** ACTION ITEM **
Reproduce the data below line by line, from its first line to the line with "Surname Sidoff", both included, and nothing past that point.

** TASK INPUTS **
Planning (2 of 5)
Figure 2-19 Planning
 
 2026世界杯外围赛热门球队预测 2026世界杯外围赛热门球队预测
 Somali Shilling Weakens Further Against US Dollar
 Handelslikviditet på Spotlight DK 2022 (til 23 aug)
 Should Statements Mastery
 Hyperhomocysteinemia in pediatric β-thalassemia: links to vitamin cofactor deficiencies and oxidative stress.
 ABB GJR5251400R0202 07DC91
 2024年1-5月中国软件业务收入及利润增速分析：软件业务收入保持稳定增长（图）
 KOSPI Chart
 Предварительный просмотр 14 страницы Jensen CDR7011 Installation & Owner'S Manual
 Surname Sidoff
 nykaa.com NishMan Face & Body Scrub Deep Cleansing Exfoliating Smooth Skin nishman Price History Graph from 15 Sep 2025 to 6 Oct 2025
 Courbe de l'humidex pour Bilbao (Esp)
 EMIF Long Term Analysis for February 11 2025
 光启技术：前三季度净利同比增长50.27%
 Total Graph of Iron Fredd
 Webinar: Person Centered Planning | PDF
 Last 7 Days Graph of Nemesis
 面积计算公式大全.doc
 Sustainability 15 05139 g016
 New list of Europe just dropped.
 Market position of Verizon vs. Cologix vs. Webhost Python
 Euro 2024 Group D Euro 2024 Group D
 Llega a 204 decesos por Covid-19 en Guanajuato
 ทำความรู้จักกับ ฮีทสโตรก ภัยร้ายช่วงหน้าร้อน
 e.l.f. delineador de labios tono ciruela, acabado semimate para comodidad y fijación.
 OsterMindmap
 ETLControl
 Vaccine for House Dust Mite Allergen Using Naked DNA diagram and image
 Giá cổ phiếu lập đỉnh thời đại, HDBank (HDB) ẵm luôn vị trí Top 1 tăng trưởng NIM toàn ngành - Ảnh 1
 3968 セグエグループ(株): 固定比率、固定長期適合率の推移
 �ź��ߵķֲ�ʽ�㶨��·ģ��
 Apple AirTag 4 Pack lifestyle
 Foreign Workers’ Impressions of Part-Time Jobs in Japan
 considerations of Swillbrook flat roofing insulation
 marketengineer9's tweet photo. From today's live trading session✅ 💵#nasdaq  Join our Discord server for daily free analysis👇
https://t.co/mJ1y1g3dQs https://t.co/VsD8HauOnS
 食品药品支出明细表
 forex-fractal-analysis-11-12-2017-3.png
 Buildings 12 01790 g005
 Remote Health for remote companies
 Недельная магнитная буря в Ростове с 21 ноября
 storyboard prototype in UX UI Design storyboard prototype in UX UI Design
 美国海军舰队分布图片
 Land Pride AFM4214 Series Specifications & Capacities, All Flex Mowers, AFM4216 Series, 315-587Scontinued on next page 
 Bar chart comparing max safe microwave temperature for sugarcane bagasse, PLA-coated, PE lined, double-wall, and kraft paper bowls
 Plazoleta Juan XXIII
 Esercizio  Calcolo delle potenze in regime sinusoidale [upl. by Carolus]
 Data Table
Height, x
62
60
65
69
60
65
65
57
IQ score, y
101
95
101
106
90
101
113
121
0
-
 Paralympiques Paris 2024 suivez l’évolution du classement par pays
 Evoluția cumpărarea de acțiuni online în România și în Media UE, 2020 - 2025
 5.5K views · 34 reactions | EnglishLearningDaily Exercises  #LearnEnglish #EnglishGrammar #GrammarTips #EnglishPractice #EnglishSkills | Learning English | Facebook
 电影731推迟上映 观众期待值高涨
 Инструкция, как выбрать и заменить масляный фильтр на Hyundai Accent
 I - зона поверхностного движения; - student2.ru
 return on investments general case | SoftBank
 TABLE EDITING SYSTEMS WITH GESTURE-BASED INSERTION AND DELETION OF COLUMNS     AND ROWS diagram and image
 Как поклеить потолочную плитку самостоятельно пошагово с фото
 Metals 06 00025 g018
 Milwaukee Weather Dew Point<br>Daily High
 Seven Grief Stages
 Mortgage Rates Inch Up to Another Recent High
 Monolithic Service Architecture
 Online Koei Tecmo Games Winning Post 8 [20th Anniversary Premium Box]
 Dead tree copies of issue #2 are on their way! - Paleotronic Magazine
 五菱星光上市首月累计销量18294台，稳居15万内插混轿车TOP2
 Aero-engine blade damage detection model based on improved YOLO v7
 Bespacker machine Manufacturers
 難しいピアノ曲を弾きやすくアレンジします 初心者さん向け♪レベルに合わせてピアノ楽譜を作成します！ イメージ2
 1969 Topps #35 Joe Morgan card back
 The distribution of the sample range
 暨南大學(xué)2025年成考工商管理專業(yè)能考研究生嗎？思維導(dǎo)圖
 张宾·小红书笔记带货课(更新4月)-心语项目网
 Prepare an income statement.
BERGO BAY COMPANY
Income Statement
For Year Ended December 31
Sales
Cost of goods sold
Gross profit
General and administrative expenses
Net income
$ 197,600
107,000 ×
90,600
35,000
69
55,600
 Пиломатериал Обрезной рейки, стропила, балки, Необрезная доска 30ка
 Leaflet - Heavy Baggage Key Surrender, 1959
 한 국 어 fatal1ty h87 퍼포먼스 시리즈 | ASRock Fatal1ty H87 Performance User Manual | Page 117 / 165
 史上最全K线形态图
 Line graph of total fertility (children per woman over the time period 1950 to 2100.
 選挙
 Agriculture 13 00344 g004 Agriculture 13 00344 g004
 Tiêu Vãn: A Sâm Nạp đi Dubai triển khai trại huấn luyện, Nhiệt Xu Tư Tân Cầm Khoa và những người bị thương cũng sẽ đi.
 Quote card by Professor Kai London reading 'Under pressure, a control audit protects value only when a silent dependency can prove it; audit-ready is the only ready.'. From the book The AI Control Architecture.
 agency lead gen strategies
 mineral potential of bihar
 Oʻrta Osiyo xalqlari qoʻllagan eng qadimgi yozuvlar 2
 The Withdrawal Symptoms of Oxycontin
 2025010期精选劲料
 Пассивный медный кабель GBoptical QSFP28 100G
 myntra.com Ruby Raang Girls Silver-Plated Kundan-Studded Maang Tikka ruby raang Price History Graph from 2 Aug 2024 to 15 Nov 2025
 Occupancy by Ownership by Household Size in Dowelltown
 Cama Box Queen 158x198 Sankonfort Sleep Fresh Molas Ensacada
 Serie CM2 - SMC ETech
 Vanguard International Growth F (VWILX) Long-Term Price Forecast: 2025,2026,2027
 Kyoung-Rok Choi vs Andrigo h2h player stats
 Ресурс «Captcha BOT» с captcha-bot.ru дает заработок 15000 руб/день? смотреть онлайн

** TASK RESULT **
Planning (2 of 5)
Figure 2-19 Planning
 
 2026世界杯外围赛热门球队预测 2026世界杯外围赛热门球队预测
 Somali Shilling Weakens Further Against US Dollar
 Handelslikviditet på Spotlight DK 2022 (til 23 aug)
 Should Statements Mastery
 Hyperhomocysteinemia in pediatric β-thalassemia: links to vitamin cofactor deficiencies and oxidative stress.
 ABB GJR5251400R0202 07DC91
 2024年1-5月中国软件业务收入及利润增速分析：软件业务收入保持稳定增长（图）
 KOSPI Chart
 Предварительный просмотр 14 страницы Jensen CDR7011 Installation & Owner'S Manual
 Surname Sidoff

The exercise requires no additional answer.